**AIM OF THE TASK**
Only the lines from the one holding "Accused Sheezan Khan" to the end of the data should be echoed, exactly as they appear, minus the pictures.

**PROVIDED DATA**
"""
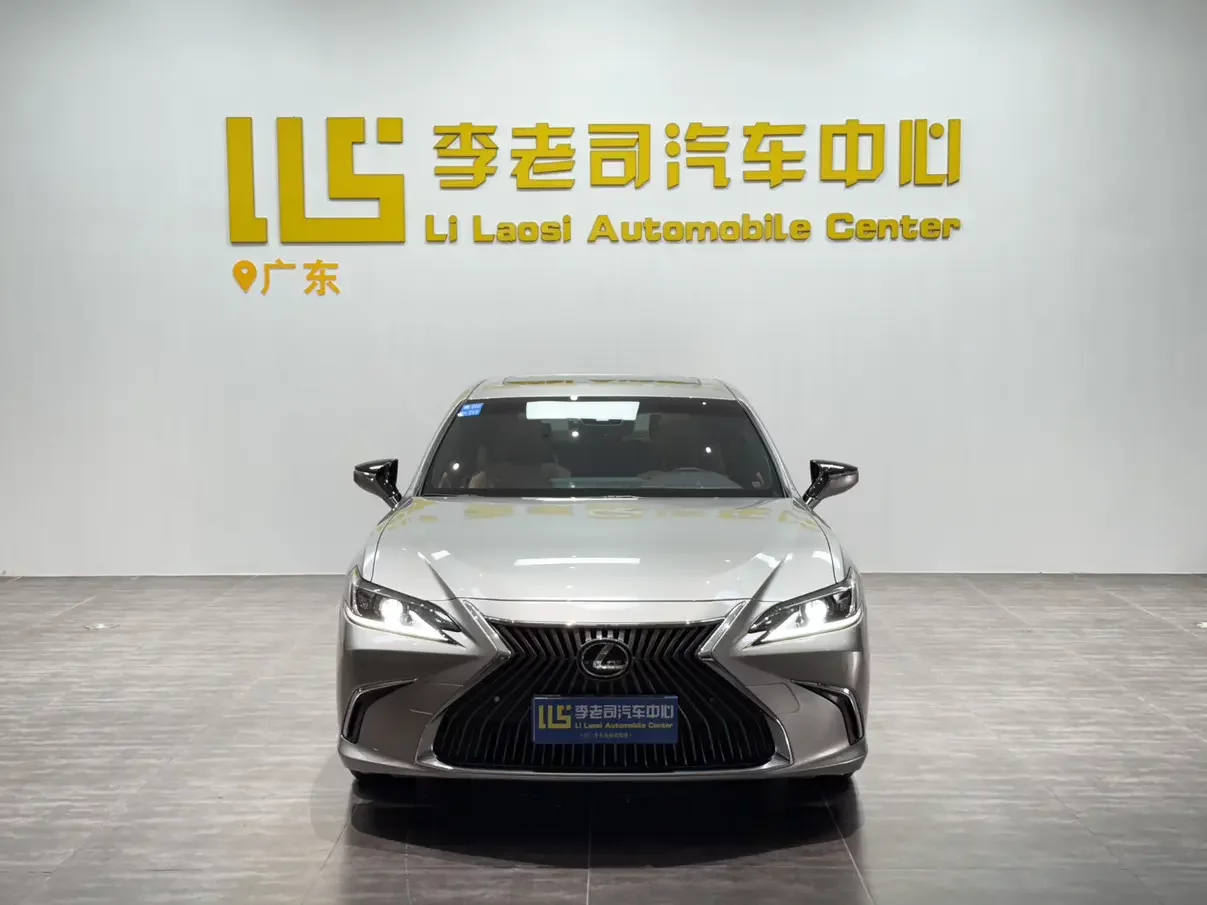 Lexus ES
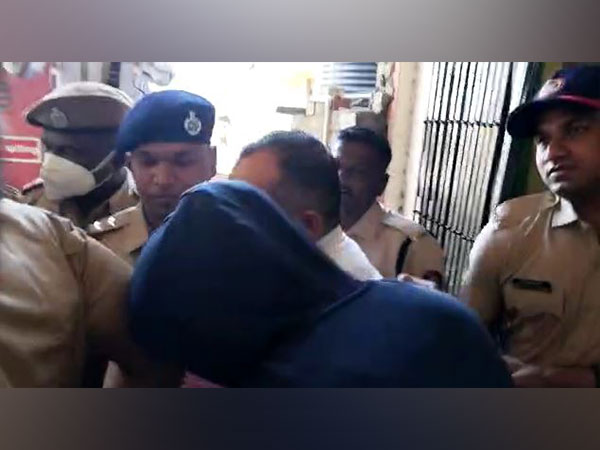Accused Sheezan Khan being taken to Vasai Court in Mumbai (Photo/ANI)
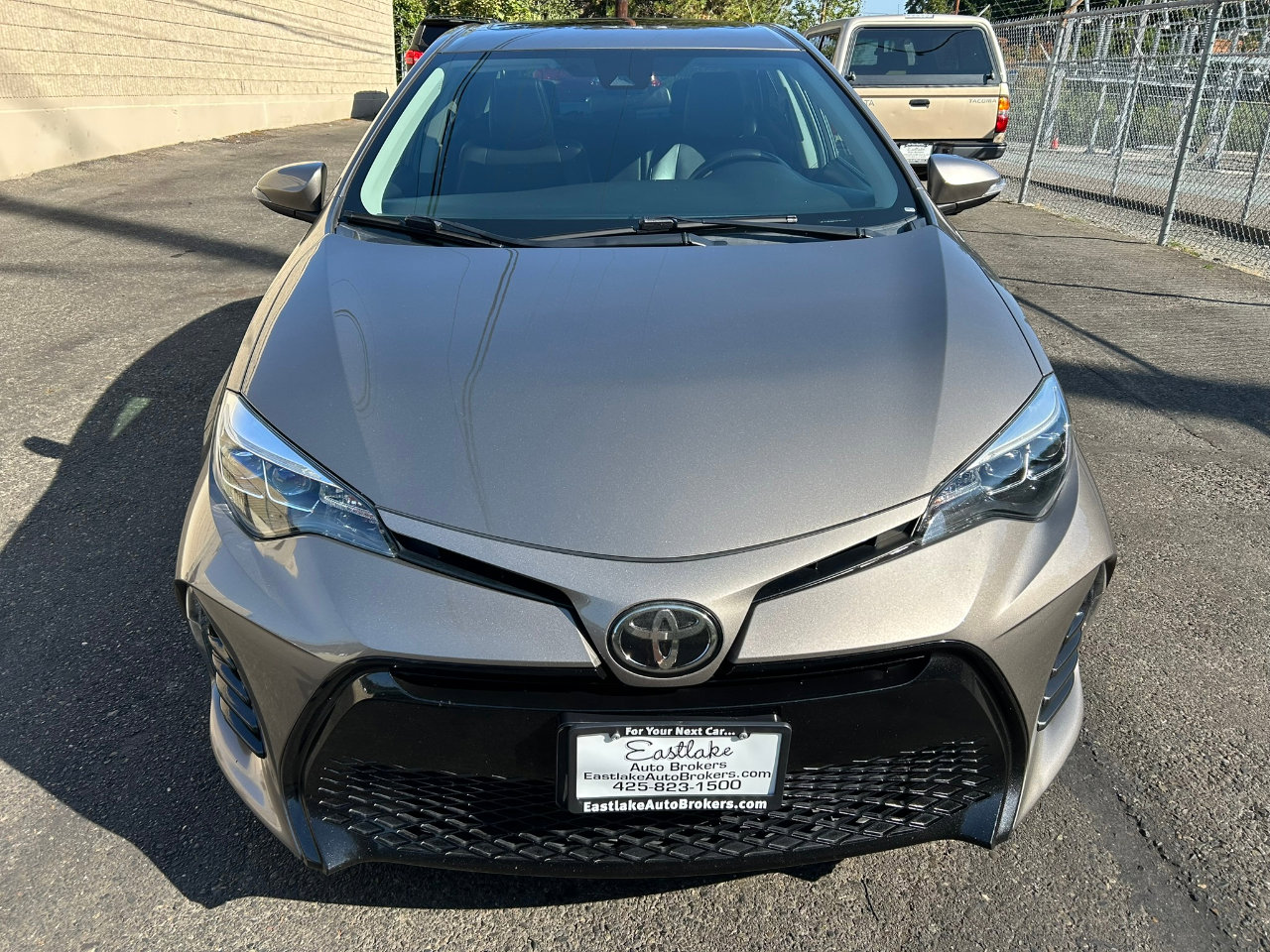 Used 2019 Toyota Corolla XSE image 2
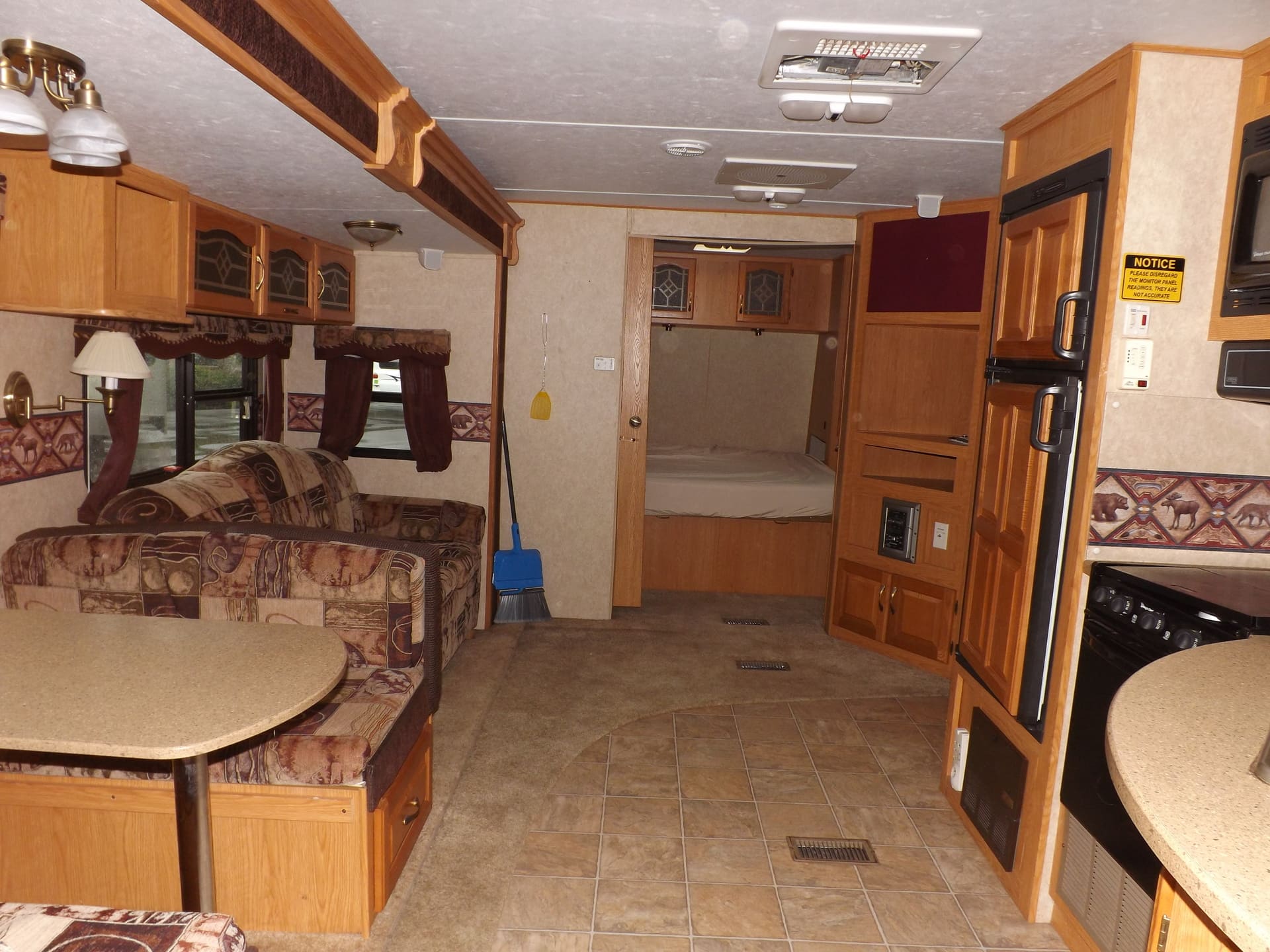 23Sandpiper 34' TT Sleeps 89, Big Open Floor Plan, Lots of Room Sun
"""
**TASK RESULT**
Accused Sheezan Khan being taken to Vasai Court in Mumbai (Photo/ANI)
 Used 2019 Toyota Corolla XSE image 2
 23Sandpiper 34' TT Sleeps 89, Big Open Floor Plan, Lots of Room Sun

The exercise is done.